::: Information given :::

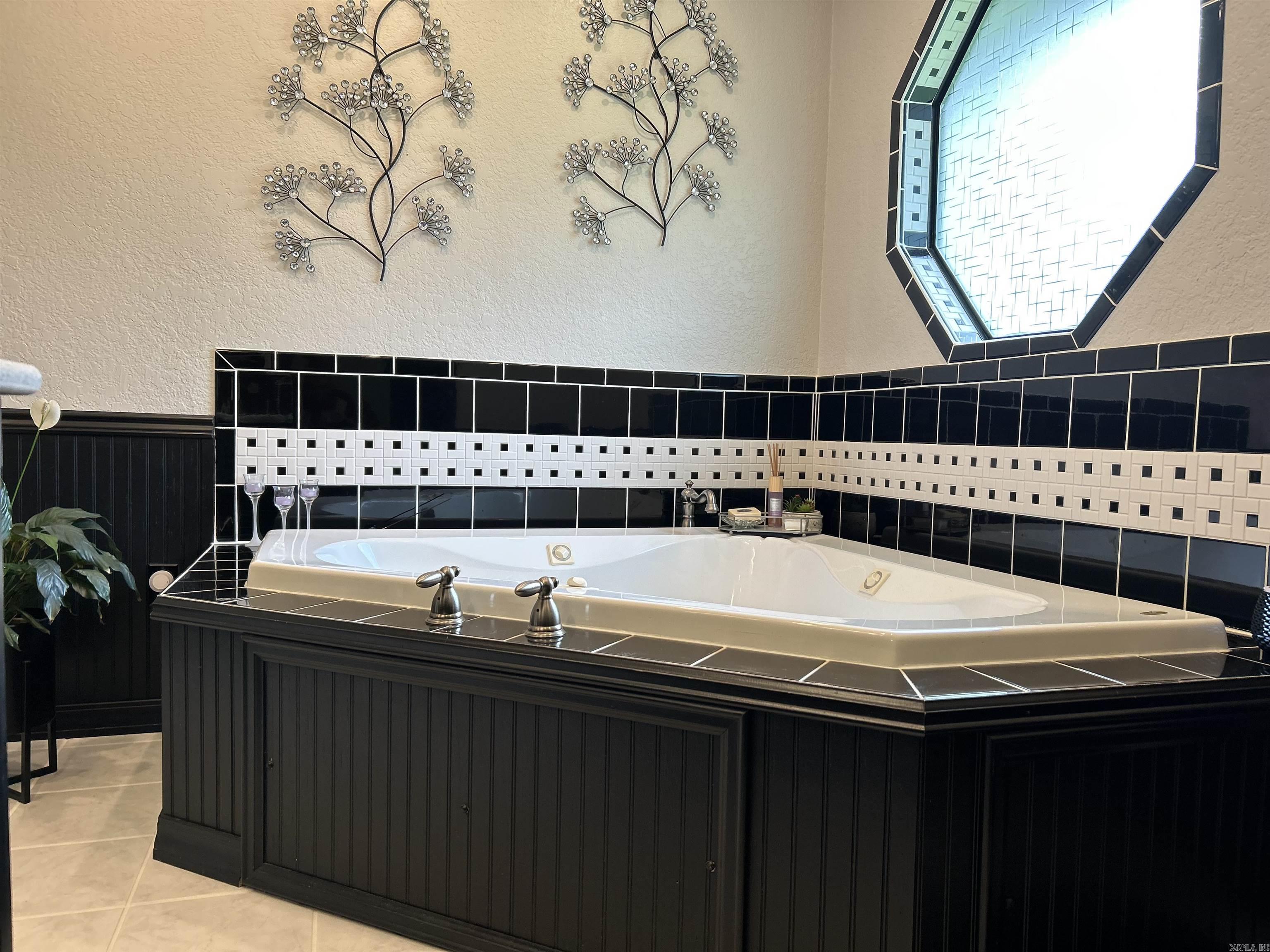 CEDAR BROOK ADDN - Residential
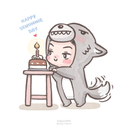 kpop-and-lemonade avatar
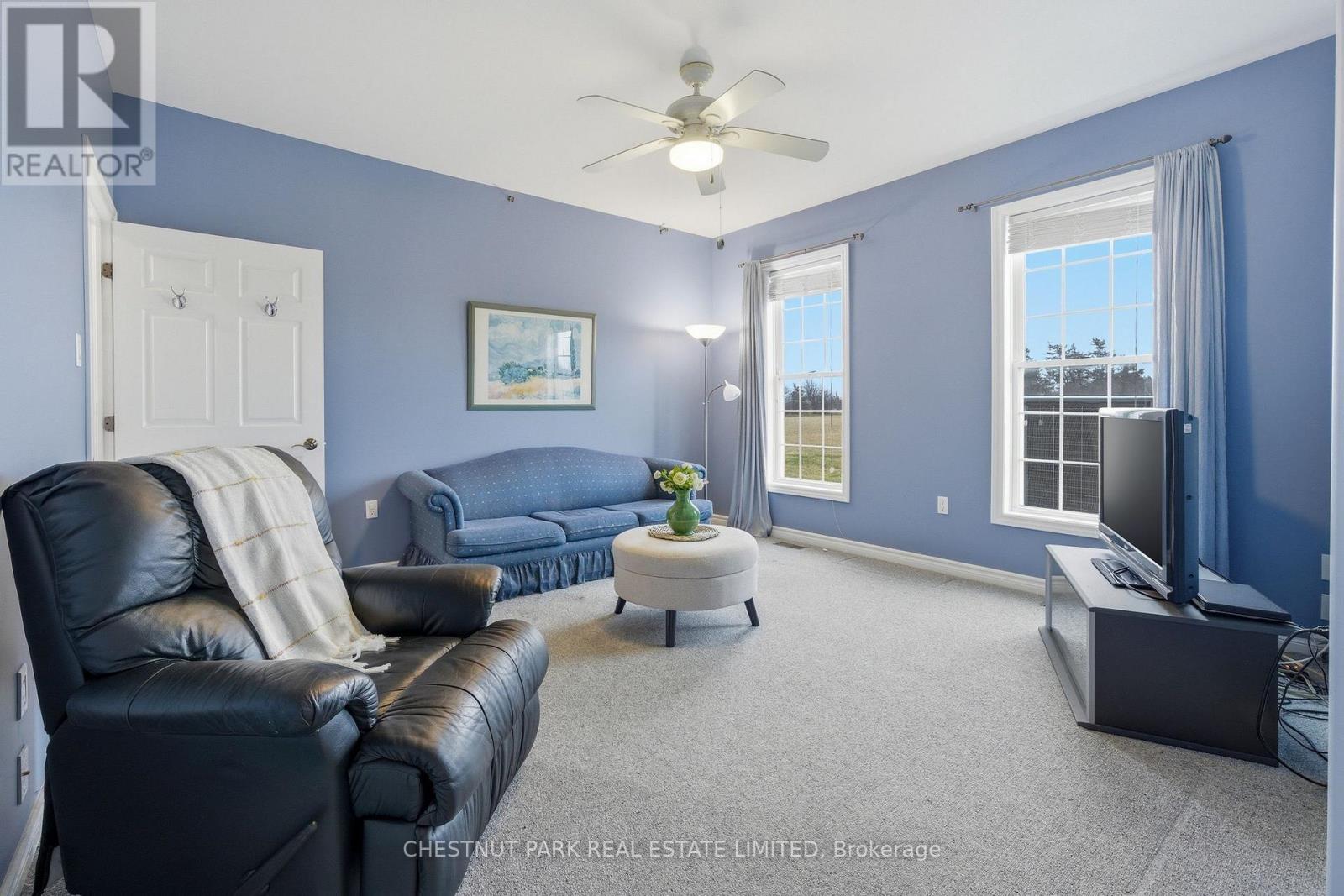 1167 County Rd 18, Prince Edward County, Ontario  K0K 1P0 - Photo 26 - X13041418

:::
::: Information given :::

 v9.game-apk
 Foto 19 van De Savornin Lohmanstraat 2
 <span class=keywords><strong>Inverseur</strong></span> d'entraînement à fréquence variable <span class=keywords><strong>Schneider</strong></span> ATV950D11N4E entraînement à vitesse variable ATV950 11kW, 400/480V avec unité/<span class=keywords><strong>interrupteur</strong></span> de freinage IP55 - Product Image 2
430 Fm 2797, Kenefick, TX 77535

:::
::: Information given :::

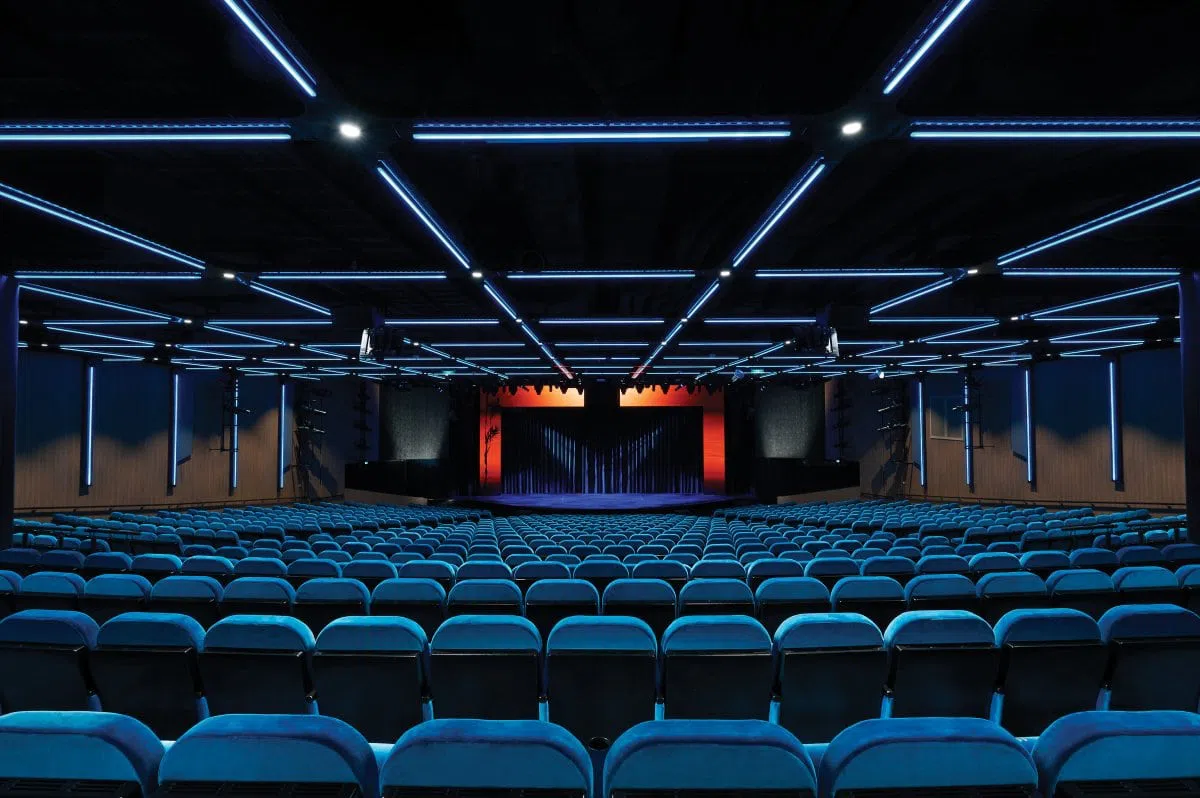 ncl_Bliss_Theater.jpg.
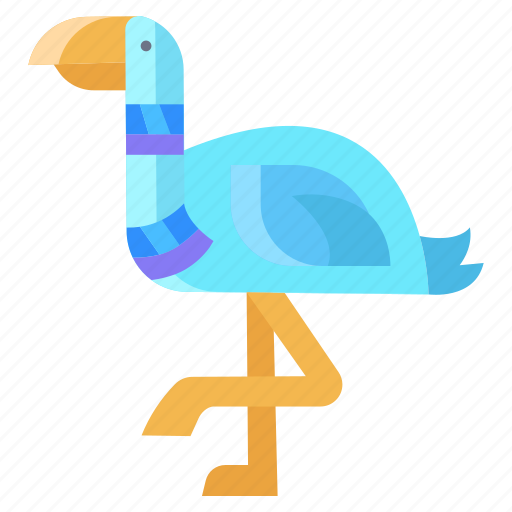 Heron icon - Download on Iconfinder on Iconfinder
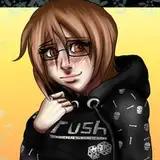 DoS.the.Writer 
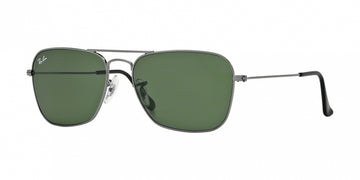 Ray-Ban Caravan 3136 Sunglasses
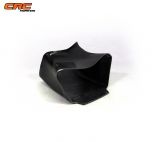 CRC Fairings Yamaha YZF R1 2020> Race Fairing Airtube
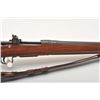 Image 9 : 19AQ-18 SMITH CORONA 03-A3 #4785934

:::

Work required: Could you repeat exactly the lines in the listing above from the one with "v9.game-apk" down to the one with "430 Fm 2797, Kenefick, TX 77535"? Include both of those lines.

Completed task:
 v9.game-apk
 Foto 19 van De Savornin Lohmanstraat 2
 <span class=keywords><strong>Inverseur</strong></span> d'entraînement à fréquence variable <span class=keywords><strong>Schneider</strong></span> ATV950D11N4E entraînement à vitesse variable ATV950 11kW, 400/480V avec unité/<span class=keywords><strong>interrupteur</strong></span> de freinage IP55 - Product Image 2
430 Fm 2797, Kenefick, TX 77535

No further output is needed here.